The legal procedures initiated by members of Congress after the deaths of Gutiérrez, Garibay, and Rincón had the goal of modifying immigration law and producing a simpler (even automatic) postmortem naturalization process for non-citizens killed in battle. With this in mind, Republican House Representative for Georgia, John H. Isakson and others, introduced bill H.R. 1691 on April 9, 2003. The bill's goal was "To expedite the granting of posthumous citizenship to members of the United States Armed Forces." News media positively reported the introduction of the bill in the House and its quick passage in both the Senate and House (the evening of April 10) (Chu, 2003; Fagan, 2003; Goldstein and Moreno, 2003; Immigrant Soldiers, 2003).8 Other bills also were written to address similar issues. For instance, bill H.R. 1850, introduced on April 29 after the death of another Latino (Marine Staff Sgt. Riayan Tejeda), and also referred to as the Fairness for America's Heroes Act, was designed to provide immigration benefits to the immediate surviving family (children, wife, parents) (Fairness, 2003; Riayan, 2003). H.R. 1685 (introduced in the House April 9, 2003), also aimed at granting posthumous citizenship, procured amendments to the Immigration and Nationality Act to include those military personnel killed by illness or in combat, and their families. In addition, it made this amendment retroactive to September 11, 2001.

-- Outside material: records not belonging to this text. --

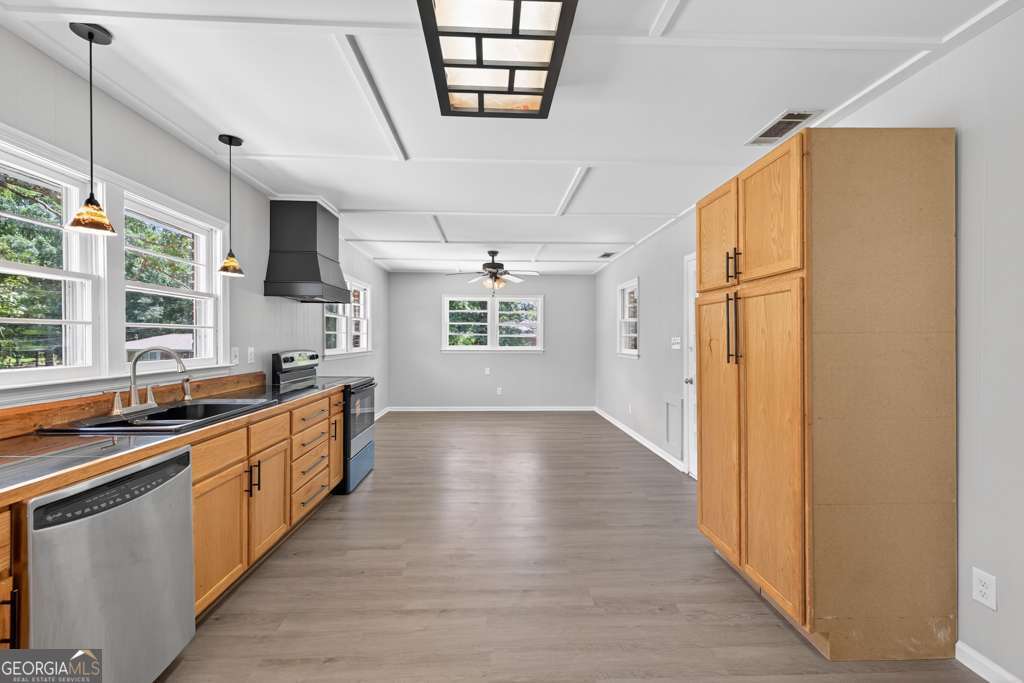 150 Jefferson River Road Athens, GA 30607 - Photo 31 of 76 a large kitchen with stainless steel appliances granite countertop a refrigerator a sink dishwasher a dining table and chairs with wooden floor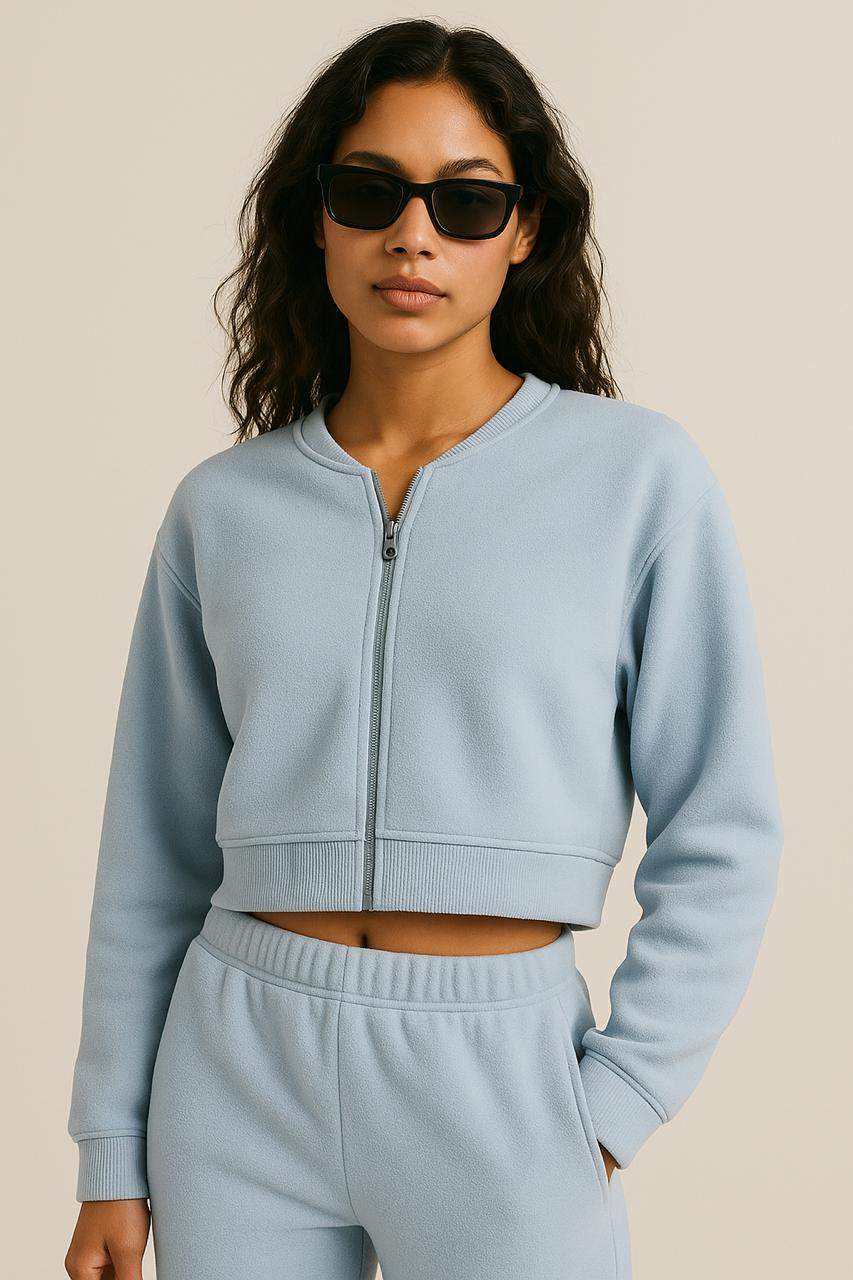 Woman wearing Terraloop's a light blue tracksuit with sunglasses on a beige background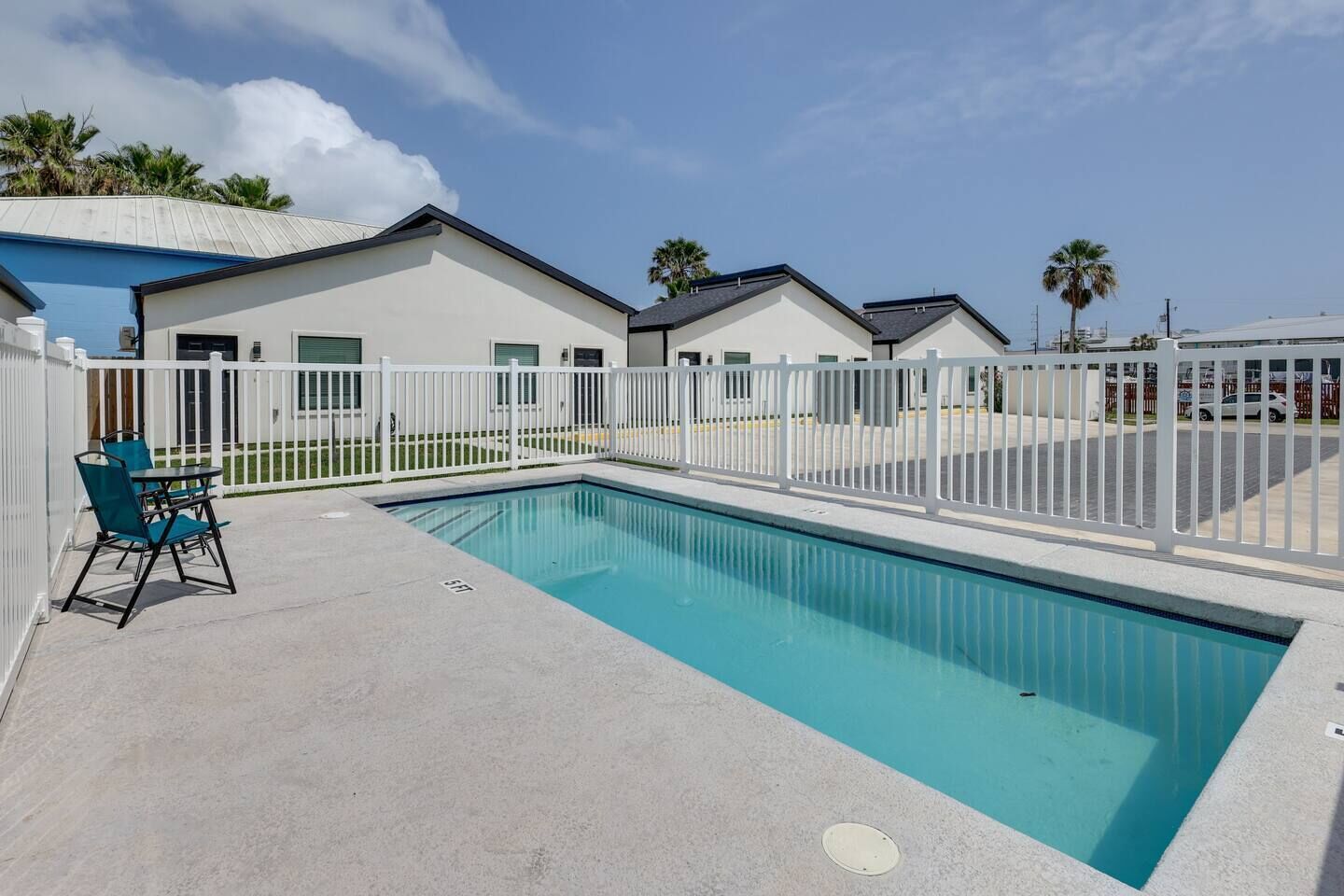 Une piscine entourée d’une clôture blanche, une table avec des chaises, et un bâtiment avec un toit plat en arrière-plan.
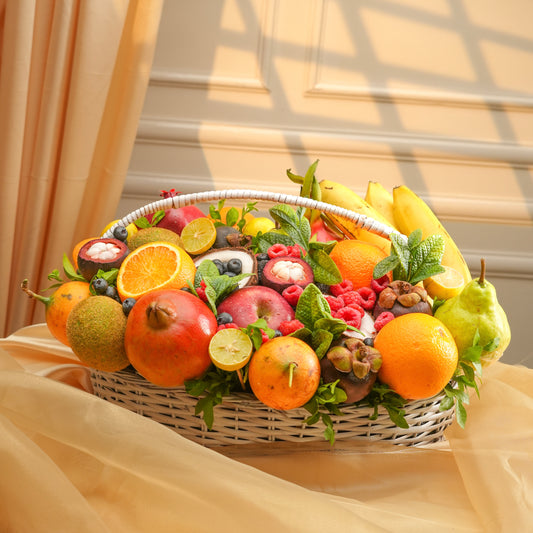 Fruit basket with various fruits on a beige fabric background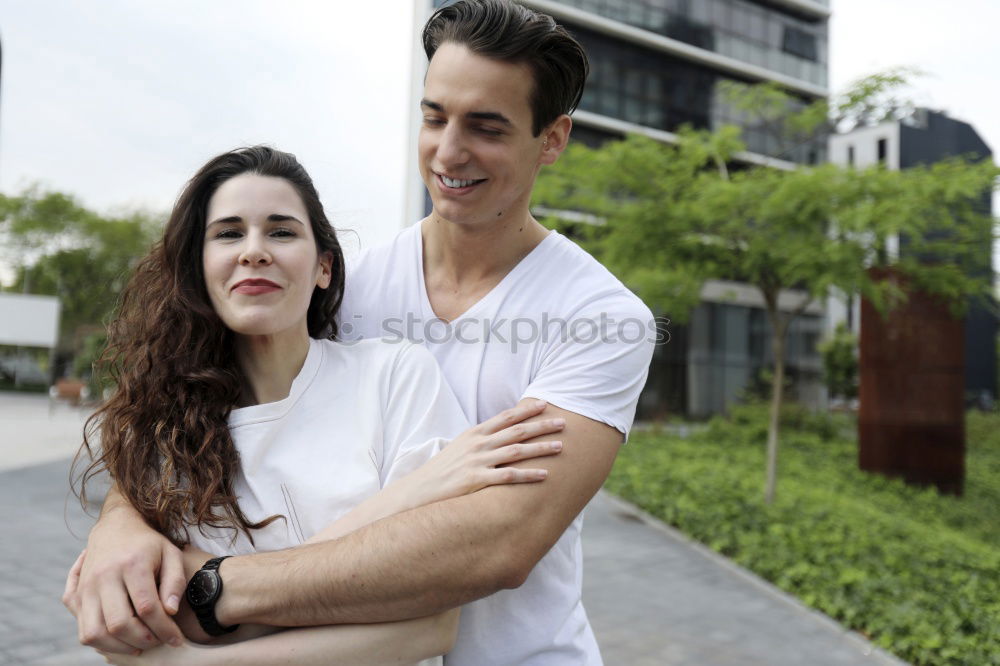 Similar – Young beautiful couple posing wearing jeans and t-shirt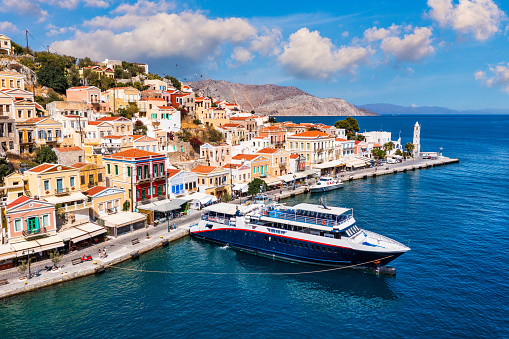 View on Symi (Simi) island harbor port, classical ship yachts, houses on island hills, Aegean Sea bay. Greece islands holidays vacation travel tours from Rhodos island. Symi, Greece,  Dodecanese.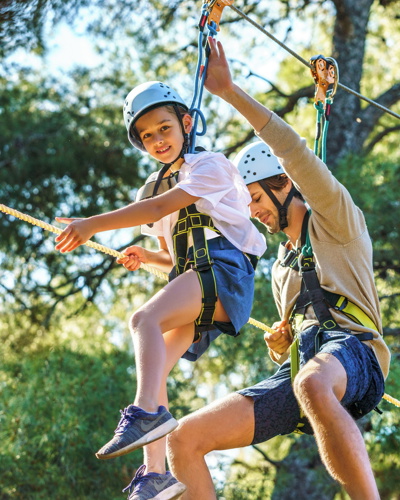 Father and daughter playing together on treetop high ropes 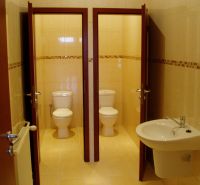 Interior of offices with two toilets and a sink on light tiles.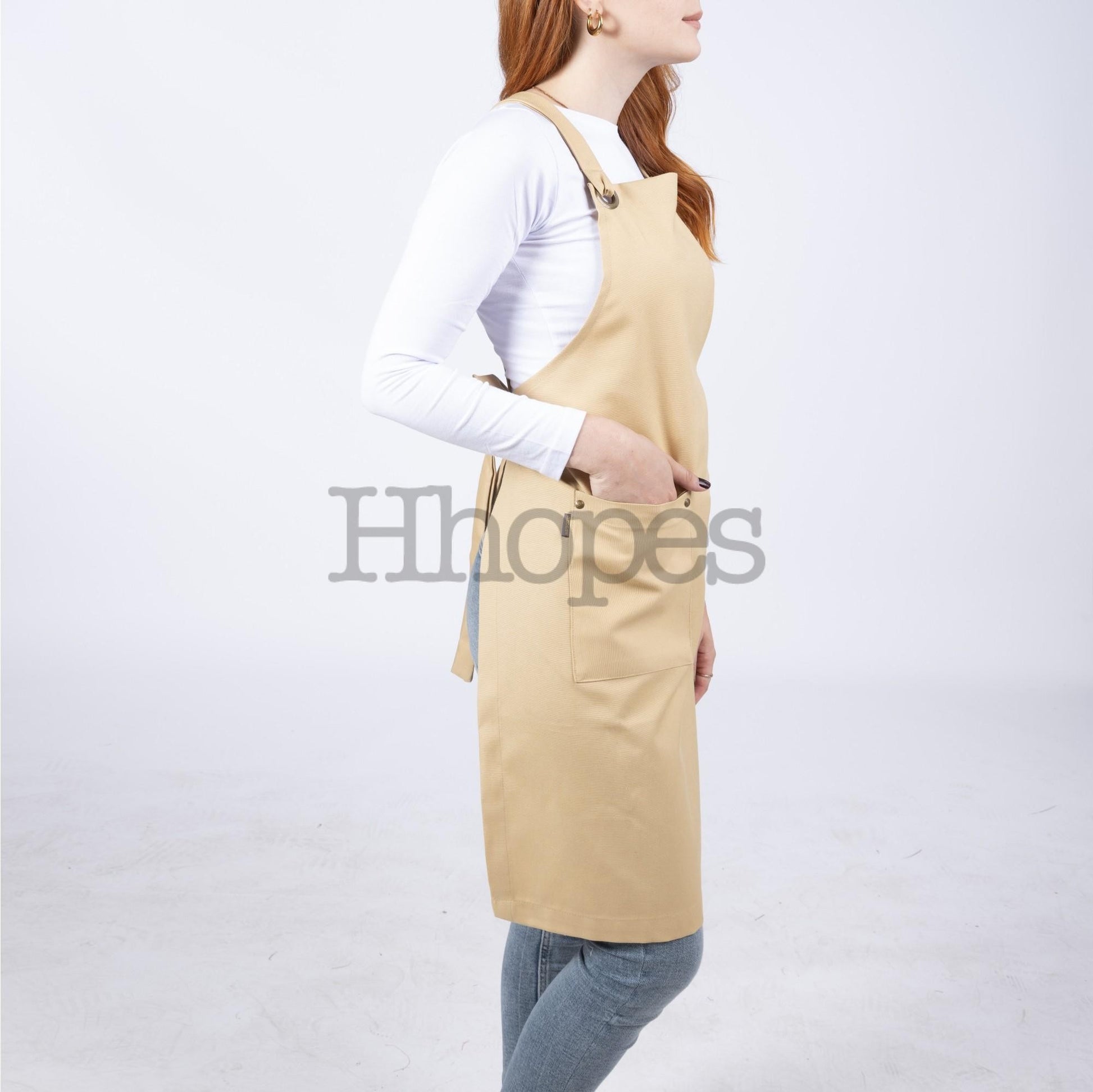 Styled photo: mustard apron next to painting tools.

Typically, citizenship is given to those (Latino/a) immigrants who have lived in the US within the boundaries of legality and who have shown not only a respect for US law but also an awareness of the economic and cultural imperatives governing this society as well as the ability to live by them (Glenn, 2002, 144–190).9 These imperatives are protected by American institutions such as the US Citizenship and Immigration Service (USCIS is a branch of BCIS) that have the goal of sustaining a cultural, legal, and economic national constancy or identity. Reading one of the key objectives of the USCIS illustrates this: its objective is "[To enhance] the educational opportunities in English, Civics, and History for all immigrants of all ages to assist their integration into US society and foster participation in civic activities."10 As a result, naturalization can be seen as a reward for previous actions and also as a leap of faith on the quality, legality, and productivity of the individual's future actions. To most, these are reasonable provisions, for they try to protect the viability of a society reshaped by new members. At stake is the future of the nation, at least as is imagined by members of Government and some interested publics.11

However, our case differs from these legal and theoretical uses of naturalization. Let me illustrate this. The core of H.R. 1691 (as of 8 USC Sec. 1440-1) is Section 1.d, written as follows: "Documentation of Posthumous Citizenship. If the Director of the Bureau of Citizenship and Immigration Services approves the request referred to in subsection (c), the Director shall send to the next-of-kin of the person who is granted citizenship, a suitable document which states that the United States considers the person to have been a citizen of the United States at the time of the person's death" (my emphasis).12 Two points have to be mentioned. First, this bill grants one very peculiar type of citizenship. It is posthumous, thus retroactive ("to have been a citizen of the US at the time of the person's death"), but very real citizenship. It is posthumous and retroactive because the legal status of citizenship has to be given to a "person." The dead cannot enter into the contractual aspects of naturalization. Thus, citizenship needs to be given just before death occurs.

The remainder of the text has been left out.